17,387 views

A 4-stage pipeline has the stage delays as $150$, $120$, $160$ and $140$ $nanoseconds$, respectively. Registers that are used between the stages have a delay of $5$ $nanoseconds$ each. Assuming constant clocking rate, the total time taken to process $1000$ data items on this pipeline will be:

1. $\text{120.4 microseconds}$

2. $\text{160.5 microseconds}$

3. $\text{165.5 microseconds}$

4. $\text{590.0 microseconds}$

In a pipelined processor, a clock signal is applied to each segment(synchronised clock-same signal at same time to each segment). Suppose if the clock is positive edge triggered, then when positive edge occurs, each segment will start its operation.When different segments take different times to complete their suboperation. The clock cycle must be chosen so that data has reached infront of every segment.

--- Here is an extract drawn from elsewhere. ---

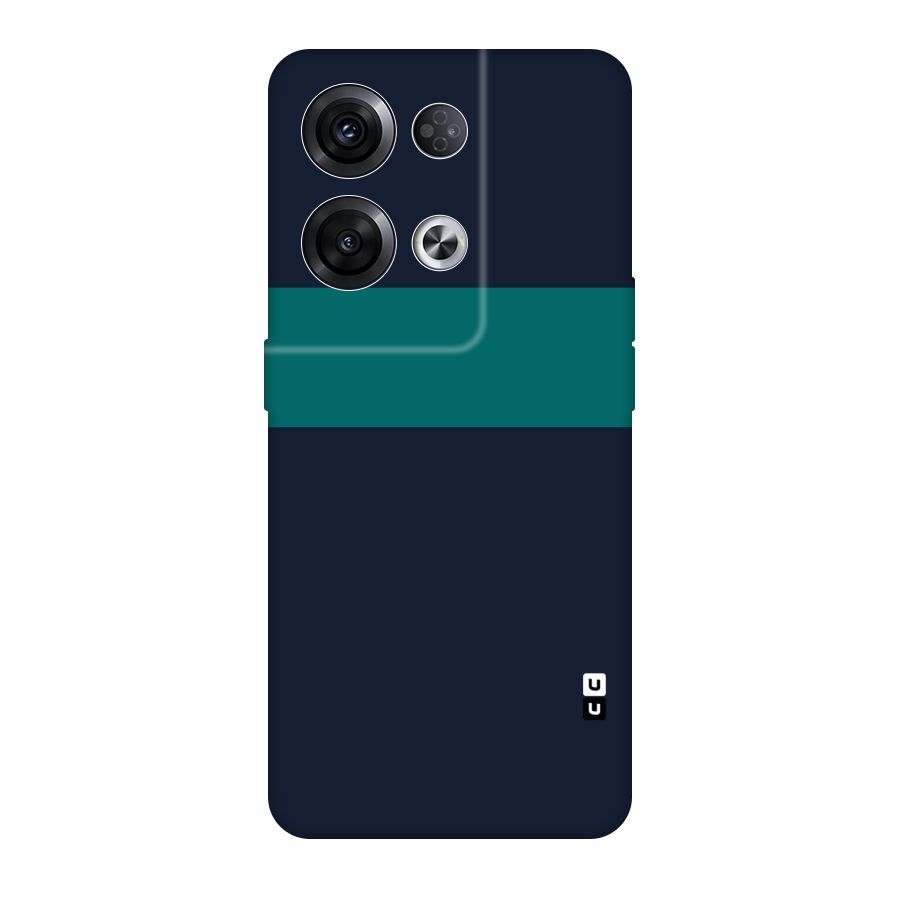 Stripe Block Original Polycarbonate Back Case for Oppo Reno8 Pro 5G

Here we cannot use clock cycle time less than 165ns because before 165ns the data from segment number 3 has not reached to segment number 4.It will take a time of (160+5)ns for it to reach infront of segment number 4. So take clock cycle time of 165ns. Now 1st instruction will take 165*4 ns and remaining 999 instructions will take 165 ns each. So total time should be 165*4+165*999=165495 ns
(k+n-1)tp=(4+1000-1)165=165.5microsec     here tp=160+5=165
Is it like this that “If constant clocking rate is mentioned, then we need to find the max among all the stage delays and then calculate the runtime else we need to count the delay of each instruction by independently adding each of the stage delays”?

Pipelining requires all stages to be synchronized meaning, we have to make the delay of all stages equal to the maximum pipeline stage delay which here is $160$. We also have to add the intermediate register delay which here is $5ns$ which makes the clock period as $165ns.$

Time for execution of the first instruction $= 165* 4 = 660$ ns.

Now, in every $165$ ns, an instruction can be completed. So,

Total time for $1000$ instructions $= 660 + 999*165 = 165.495$ microseconds

Correct Answer: $C$
by

edited

Even I believe, this would be the correct way to do, as the registers are placed between stages : 3×165+160=655.
Also, when to consider the max of among all delays and when to consider the delay of each individual stage while calculating the execution time?

What if maximum stage delay is at last stage, say instead of 160 delay at second last stage it is at last stage. Will then also we will add register delay to 160? Because it is given “Registers that are used ‘between’ the stages” not at the last stage.

In a test series solution it was not added but I think it will be added. Please clarify.

@ankit3009 Individual delays are considered when we are calculating EMAT for non-pipelined structure.

Lets first instruction will take all four stages(4cycle) and rest 999 instruction will be completed in every clock cycle.

TT(total time)=First instruction x Number of cycle x Duration of each cycle + 999 x Number of cycle x Duration of cycle

TT=1 x4x(160+5)+999x1x165 ns

TT=165,495 ns

TT=165.495 micro second

//Max time period=Max_duration(150,120,160,140)+register delay=165ns
Delay between each stage is 5 ns.
Total delay in pipline = 150 + 120 + 160 + 140 = 570
Total delay for one data item = 570 + 5*3 (Note that there are 3 intermediate registers)
= 585
For 1000 data items, first data will take 585 ns to complete and rest
999 data will take max of all the stages that is 160 ns + 5 ns register delay

Total Delay = 585 + 999*165 ns which is approximately 165.5 microsecond.

Wrong